Malindi was an activist in the struggle against apartheid and was jailed for treason in the 1980s. He later told journalists he broke down because the trial brought back bitter memories.

"I was just overcome by emotions, and there is a history to it as a former activist," he said, according to the newspaper City Press. "As an advocate, we are supposed to be trained not to be emotional when we appear in court."

Brett Murray's painting, "The Spear," was part of an exhibition called "Hail to the Thief II," a blunt critique charging that the ruling African National Congress was corrupt and had abandoned its socialist ideals. Zuma has called the artwork personally offensive, and ANC Secretary-General Gwede Mantashe, who was in court for Thursday's hearing, has termed it racist.

Many black South Africans were uneasy with the confrontational imagery of the painting, with some mounting arguments that African culture respected elders, hence the display was offensive and insensitive. Others argued it recalled brutal apartheid searches, which often saw black males stripped naked.

But their opponents in a fierce public debate contended that Zuma -- who once had sex with an HIV-positive family friend half his age without using a condom but was acquitted of her rape accusation -- has laid himself bare to such parodies.
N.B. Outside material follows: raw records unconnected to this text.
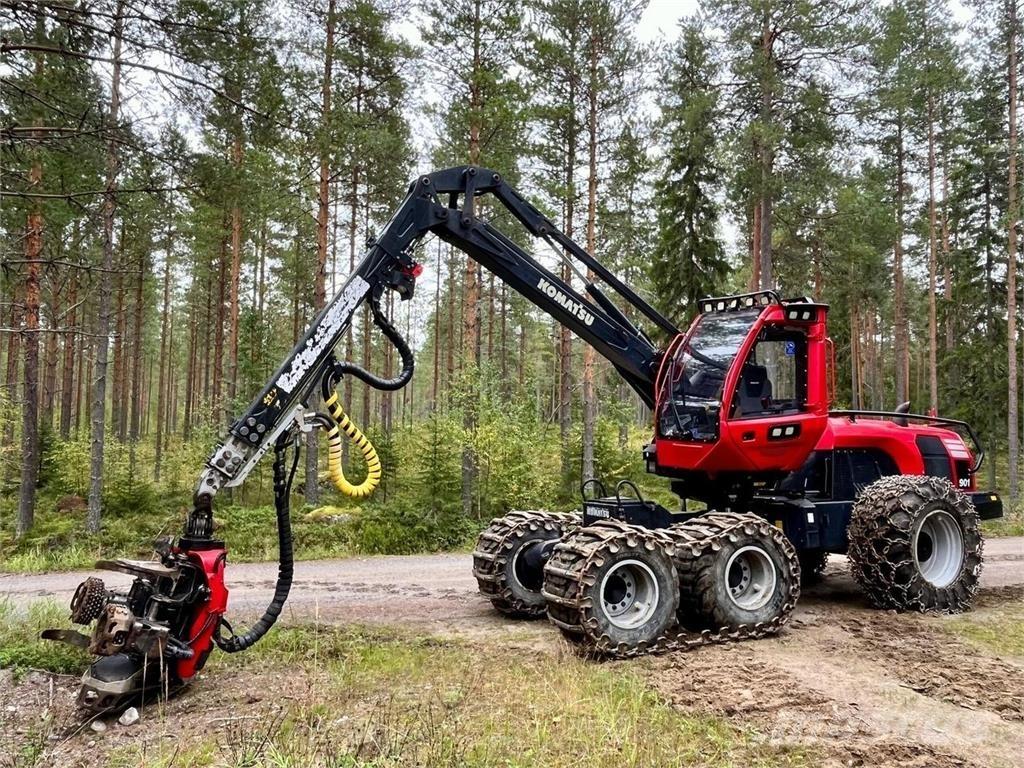 Komatsu 901 Харвестери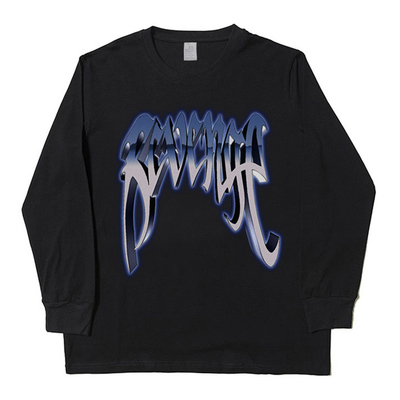 xxxtentacion Revenge Logo Vintage暗黑嘻哈复古宽松圆领长袖t恤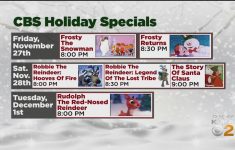 CBS Holiday TV Special Schedule Released Video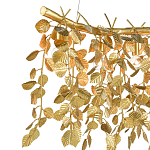 Люстра золотая с декором в виде веток эвкалипта Eucalyptus Branches варинант исполнения - 1 | Loft Concept в Перми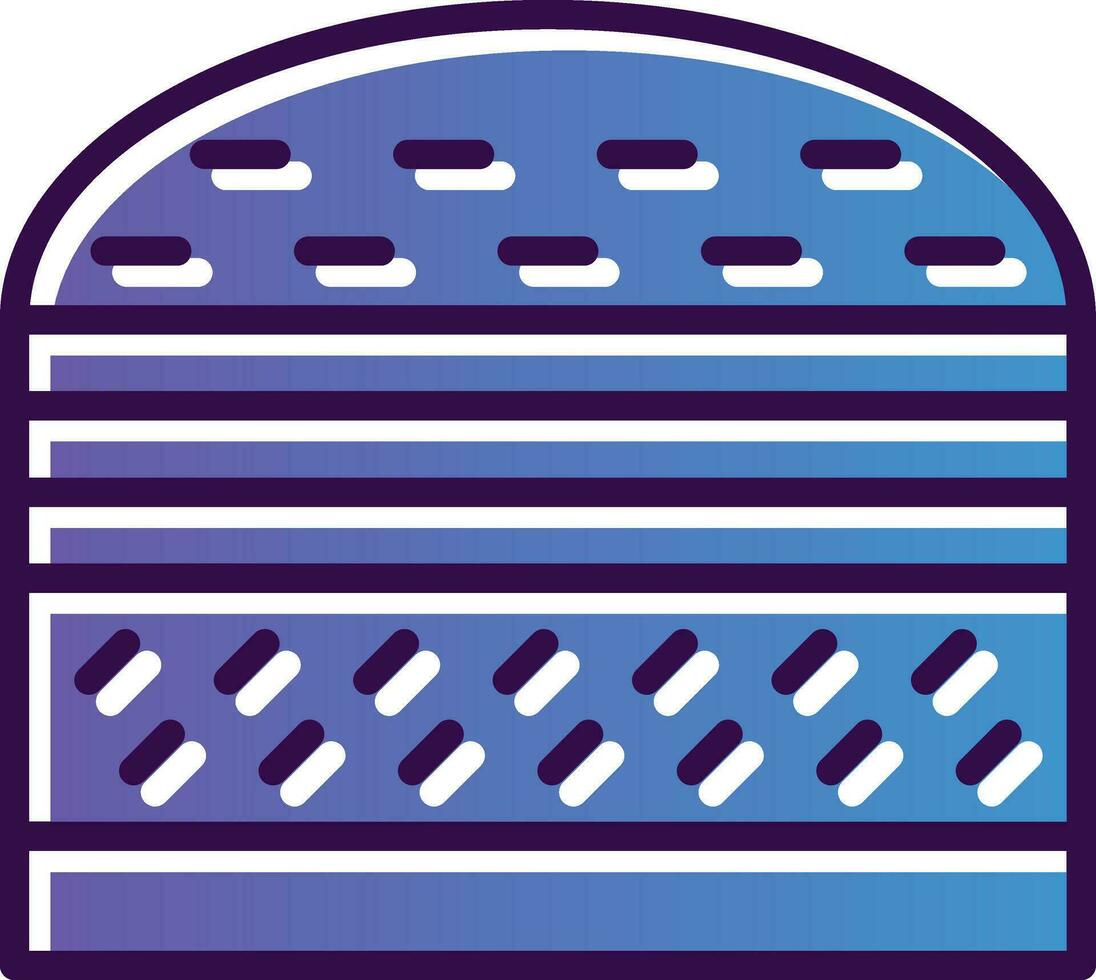Baklava Vector Icon Design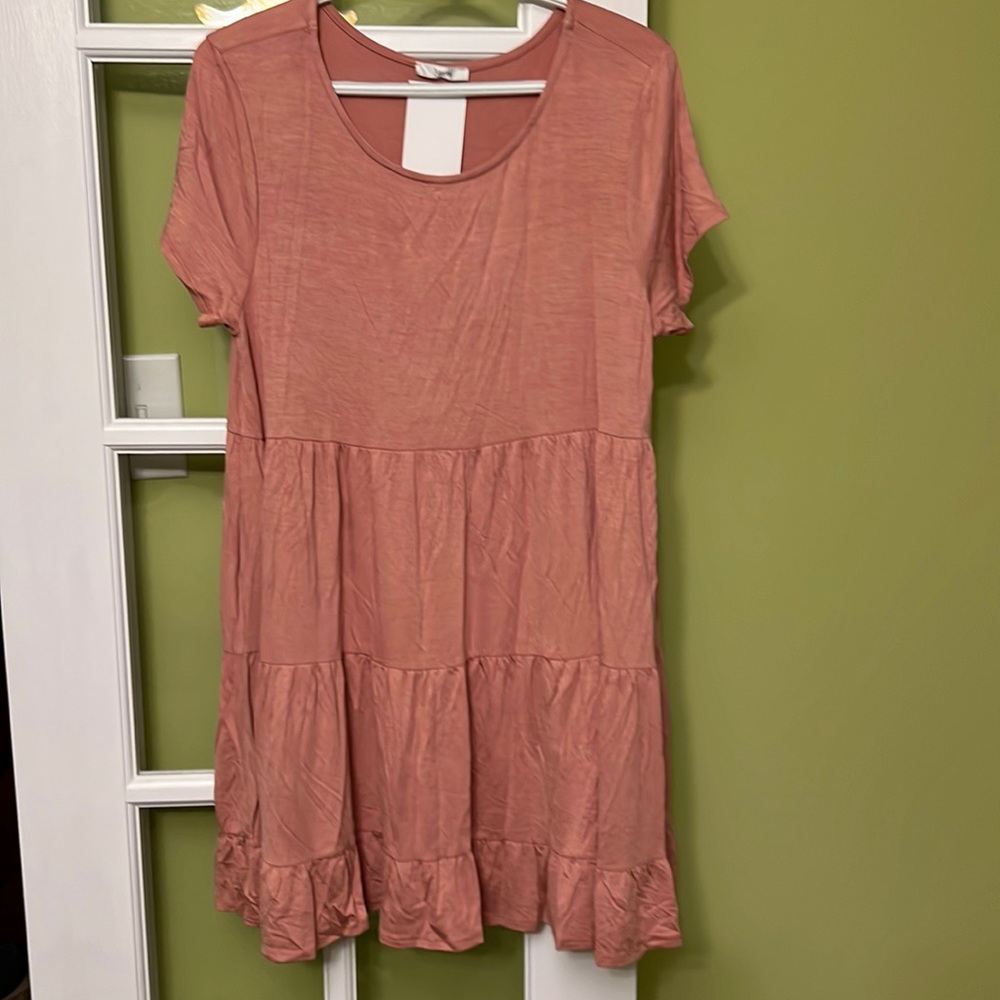 Pink Salmon Dress, Size Large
"Zuma's [image] is of a man whose concentration is on sex and political self-preservation. He has done more to provide fodder for racist stereotypes than any black South African has done," South African columnist Justice Malala wrote in the British newspaper the Guardian on Wednesday, dismissing arguments about African cultural sensibilities.

As debate raged, the work was vandalized Tuesday at the Goodman Gallery, a leading Johannesburg art space, by two men in swift succession -- one white, one black -- who claimed they didn't know one another. The gallery closed its doors temporarily and moved the painting.

Nonetheless, Zuma and the ANC broadened their legal action from an effort against the gallery and City Press, which posted the image on its website, to ensure the painting was not displayed anywhere in public. ANC has called for a boycott of the newspaper.

Though the ANC has argued the painting is an affront to Zuma's dignity as president, Judge Claasen said the law offered no protection for the dignity of either presidency or the party, and the case could only weigh any offense to Zuma personally.

The court must balance this against the strong protection offered in the South African Constitution for freedom of artistic expression.

Claasen asked Malindi if the ANC would be in court opposing the painting if it had shown apartheid-era President F.W. de Klerk. "What evidence is there that this is a colonial attack on the black cultures of this country?" he asked.

"There have been heavy suggestions that only the educated understand art and it is beyond the comprehension of people who don't belong to this group," Malindi responded. He argued that the court should take into account how the painting would be perceived by many black South Africans who were denied an education under apartheid.

"I implore the court and those who convey messages to consider the diversity of South Africa. There is a super-class of people who believe that things should be seen in their eyes," Malindi said, before he broke down.

Claasen said three black artists had submitted that the painting wasn't racist. "This is black against black," he told the court.